Like The Conduct of Jazz that precedes it, Piano Song is a trio album featuring Michael Bisio on bass and Newman Taylor Baker on drums. If you find yourself thinking “Oh, piano trio, jazz, I know how this goes,” then you’ve obviously not come across the likes of Matthew Shipp. His approach to the piano isn’t so much tuneful as it is orchestral, pulling melodies out thick, dense harmonies. Having Bisio and Baker along for the ride doesn’t blunt this approach. He could have used this occasion, a final release for a particular label, as an excuse to show off yet another angle of his rare musical intuition, as he did when he celebrated his 50th birthday.
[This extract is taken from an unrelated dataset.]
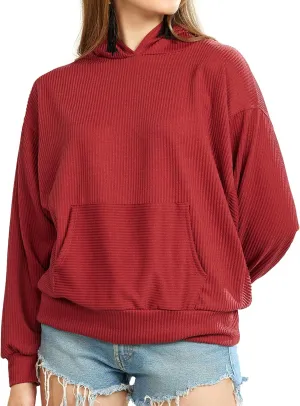 Oversized Dolman Long Sleeves Ribbed Hoodie Sweatshirt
But The Conduct of Jazz and Piano Song seem to suggest a sense of momentum in Shipp’s way of thinking, and he’s riding that train for all that it’s worth.
Piano Song starts with a short, solitary composition named “Links”, only to be upturned by the heavily bopped “Cosmopolitan”. By the third track, “Blue Desert”, all standard piano trio bets are off as Baker uses only a shaker to lay the rhythmic foundation so that Bisio can experiment with his bow — all before their boss ever makes his entrance. When he does, it’s through delicate chord work, flying in the face of Bisio’s oddly complimentary noise. On “Flying Carpet”, Baker performs the beat as if he were backing a funk-rock band and not a jazz trio. The discordant melody that drives “Micro Wave” is just as memorable as any pop song, and “Scrambled Brain” is a very fitting title for the piece it adorns.
Not all of Piano Song lays its cards on the table so abruptly. Some tracks move in more arcane ways, such as the hesitantly titled pieces “Silence of”, “Void of”, and the piano solo “The Nature of”. As playful and enjoyable as they may be, good luck finding out what makes them tick. Piano Song concludes with a title track that sounds like Vince Guaraldi accidentally walked in on a modernist session where even the daintiest of figures manages to cast a shadow. It’s tempting to wrap this up by saying that the song encapsulates Matthew Shipp as a paradox, but that’s not entirely true. It’s nothing more than a Beethoven quotation in action: “Art demands of us that we shall not stand still.”